_EXERCISE_
Filter the entries and keep only the lines where the string "pero" appears.
::: SUPPLIED INFORMATION :::
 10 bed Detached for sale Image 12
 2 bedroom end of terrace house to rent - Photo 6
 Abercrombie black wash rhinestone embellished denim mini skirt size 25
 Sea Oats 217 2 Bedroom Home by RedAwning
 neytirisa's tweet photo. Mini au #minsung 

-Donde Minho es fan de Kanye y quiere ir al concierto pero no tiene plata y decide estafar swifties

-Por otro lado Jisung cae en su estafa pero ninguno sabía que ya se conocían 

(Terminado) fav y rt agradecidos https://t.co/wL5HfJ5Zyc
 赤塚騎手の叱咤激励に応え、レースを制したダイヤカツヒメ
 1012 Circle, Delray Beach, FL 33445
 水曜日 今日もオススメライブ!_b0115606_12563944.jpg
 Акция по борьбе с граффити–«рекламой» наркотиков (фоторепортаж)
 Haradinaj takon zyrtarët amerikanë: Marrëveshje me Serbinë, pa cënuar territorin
:::
::: SUPPLIED INFORMATION :::
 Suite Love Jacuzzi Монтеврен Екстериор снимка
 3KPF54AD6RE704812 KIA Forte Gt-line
:::
::: SUPPLIED INFORMATION :::
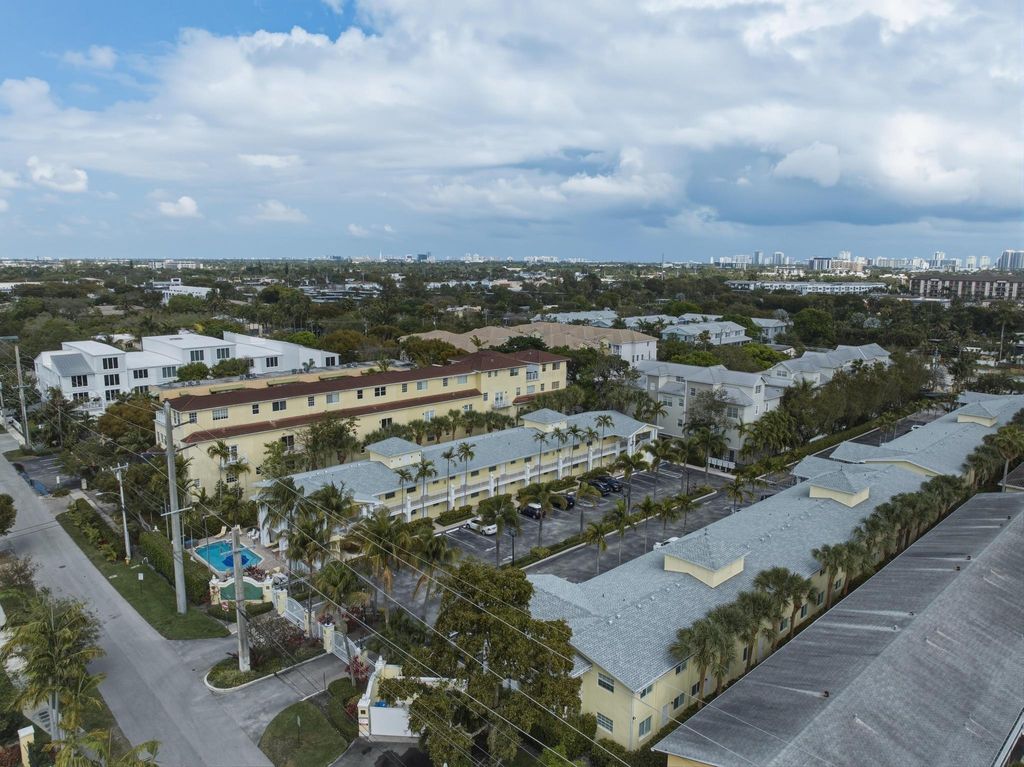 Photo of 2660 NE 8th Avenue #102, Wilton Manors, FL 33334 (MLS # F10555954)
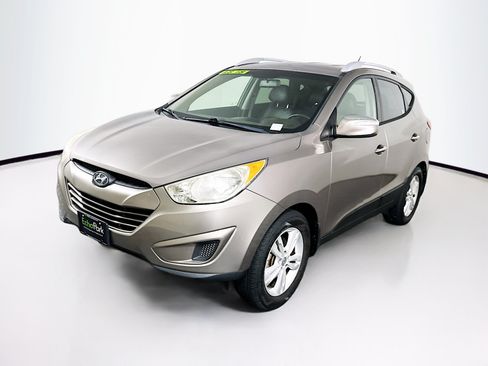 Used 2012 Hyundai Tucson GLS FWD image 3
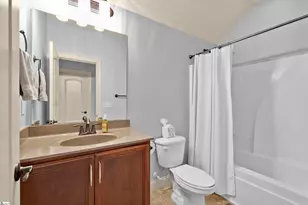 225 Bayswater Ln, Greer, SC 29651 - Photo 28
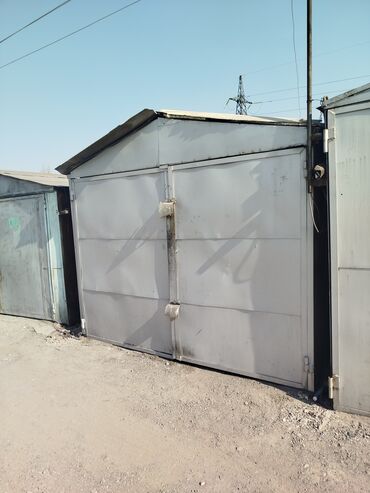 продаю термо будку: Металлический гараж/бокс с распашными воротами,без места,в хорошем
:::
_ANSWER BOX_
-Donde Minho es fan de Kanye y quiere ir al concierto pero no tiene plata y decide estafar swifties
-Por otro lado Jisung cae en su estafa pero ninguno sabía que ya se conocían 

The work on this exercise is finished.